Two weeks later, Enzo made my cream flats into a chew toy. Back to the cobbler!
Two months in, I decided to switch out the blue dress for a more versatile black skirt. I hadn't worn the dress as part of the experiment yet, so this doesn't really count, right?
I also bought a secondhand black long sleeved tee to replace the one that was originally part of the experiment. Like the black boots, the shirt was of a fast fashion brand and starting to unravel in my hands. The ‘new’ tee is 100% cotton, and much more substantial.

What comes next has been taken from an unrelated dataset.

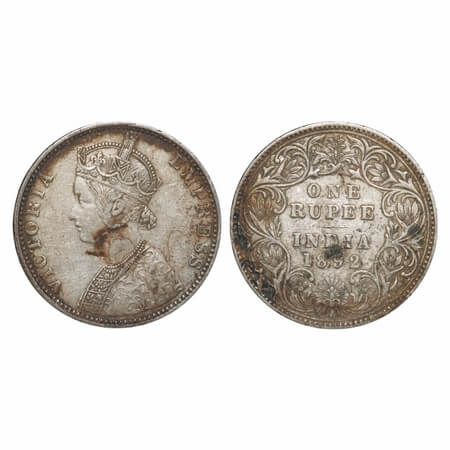 Victoria Empress, Silver, Rupee, 1892, Bombay Mint, C2/I(ii), 'B' raised. F. Prid 180. GK 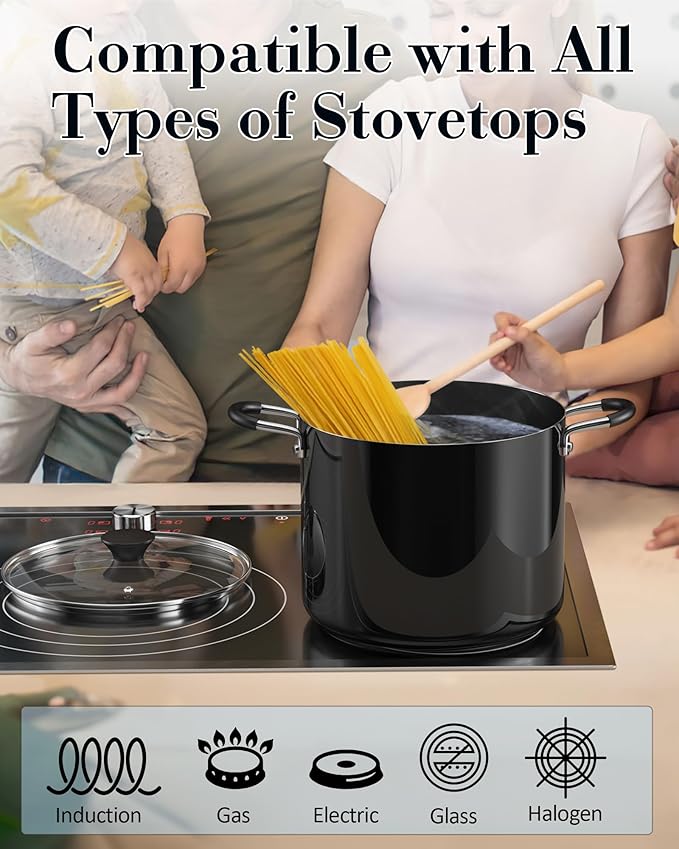 Cook N Home Nonstick Stockpot with Lid 10.5-Qt, Deep Cooking Pot Cookware Canning Stock Pot with Glass Lid, Black - Image 3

Despite these issues, at almost three months in, I'm pretty darn pleased with myself. The simplicity that stems from a small wardrobe is so freeing. Between my husband and I, we only do four to five loads of laundry a month. All of our clothes can air dry on a little bamboo drying rack, saving us money and another trip to the laundry room. Additionally, I've donated upwards of 20% of my entire clothing inventory. I finally feel comfortable letting these items go. Having a smaller wardrobe and shopping secondhand means I can get pieces of far higher quality for much cheaper, so I'm not worried about hoarding what I have. And freeing up the physical space these clothes were taking up lends me more mental space!
I'm looking forward to removing the cheap plastic-laden pieces and slowly curating a wardrobe that is wholly sustainable, both environmentally and socially. It will take time, but good things often do.
How has becoming trash light affected your wardrobe?